By Lisa Favazzo
A vigil was held in Melbourne on Monday the 18th of March to remember the victims of the Christchurch terrorist attack.
A crowd of thousands gathered in front of the State Library of Victoria for almost three hours partaking in multi-faith prayer, watching an impromptu Haka and hearing passionate speeches from politicians.
Greens Party Leader Richard Di Natale said politicians spreading “hate and diversion” contribute to the rise of right-wing extremism.
“When you give hate a platform, you feed this hate,” Mr Di Natale said.
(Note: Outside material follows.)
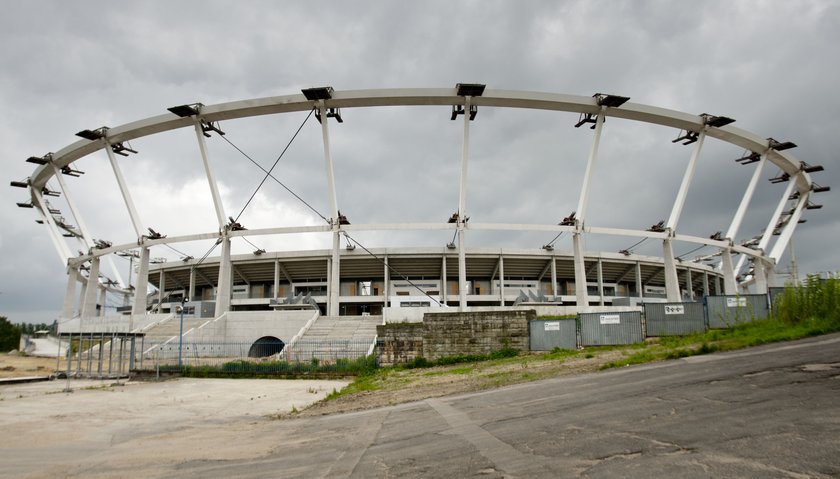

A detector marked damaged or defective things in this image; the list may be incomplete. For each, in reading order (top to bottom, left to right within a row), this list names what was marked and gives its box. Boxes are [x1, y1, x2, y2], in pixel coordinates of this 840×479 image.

cracked asphalt road [1, 334, 840, 479]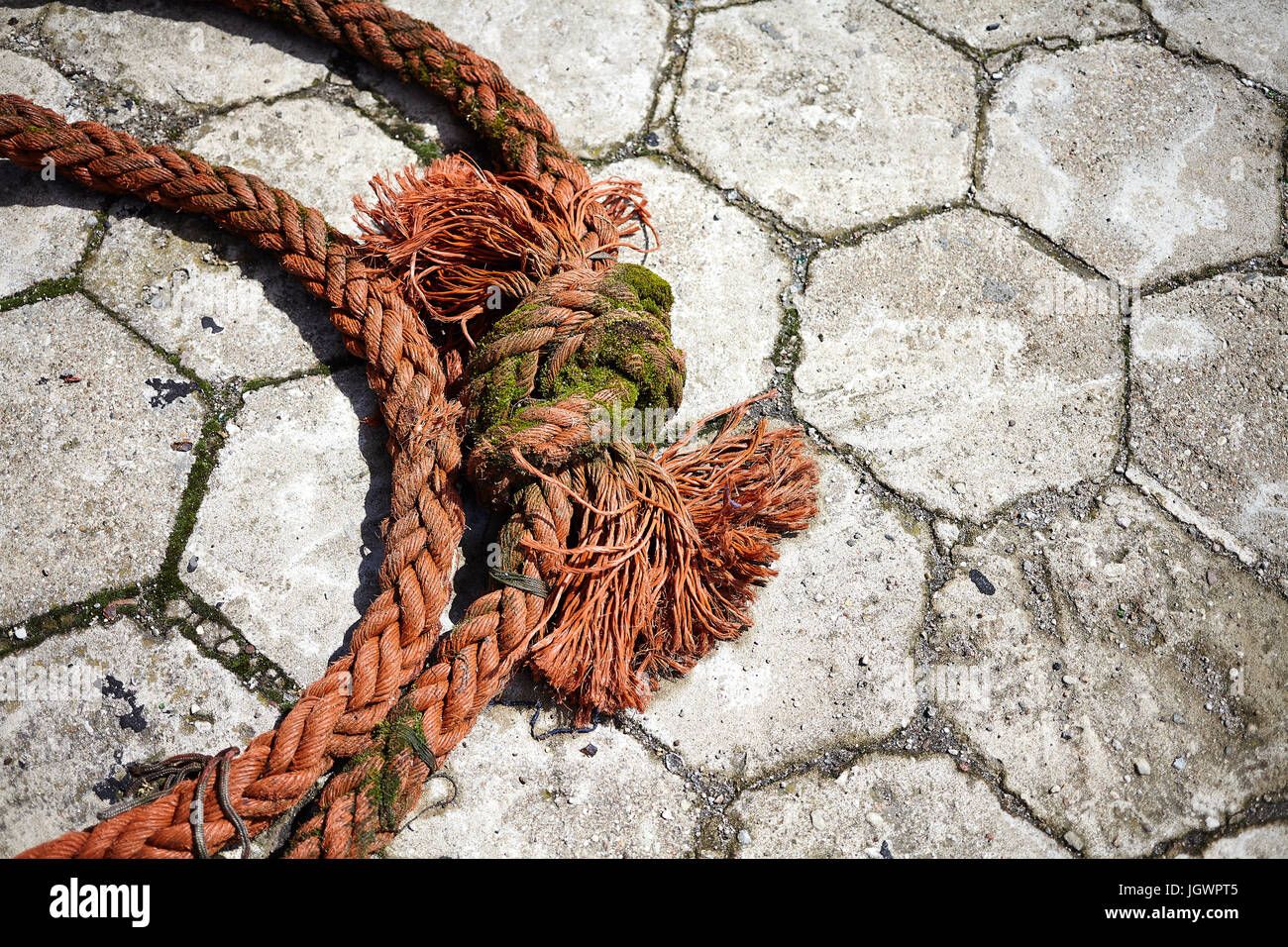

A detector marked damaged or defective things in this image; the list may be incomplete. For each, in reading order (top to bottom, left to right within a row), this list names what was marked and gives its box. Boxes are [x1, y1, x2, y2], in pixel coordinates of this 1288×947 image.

A handful of audience members were brought to tears.
Vice President of the Islamic Council Victoria Adel Salamamn said the media has a role to play in not giving a platform to “hate, Islamophobia and extremism”.
“Free speech is important but not all speech is equal,” he said.
The crowd roared in support.
Melbourne has suffered at the hands of terrorism a number of times in the past few years, including a violent stabbing on Bourke Street less than 6 months ago.
The Lord Mayor of Melbourne Sally Capp used the opportunity to reflect on her city’s relationship with terror.
“We too have suffered from the unacceptable crime of hate and extremism,” she said.
“But, times of terror can be soothed by an outpouring of care, affection and empathy”.
An Islamic prayer for the dead concluded the night. Non-Muslim attendees bowed their heads in support. Many appeared to be joining in with their own silent prayers.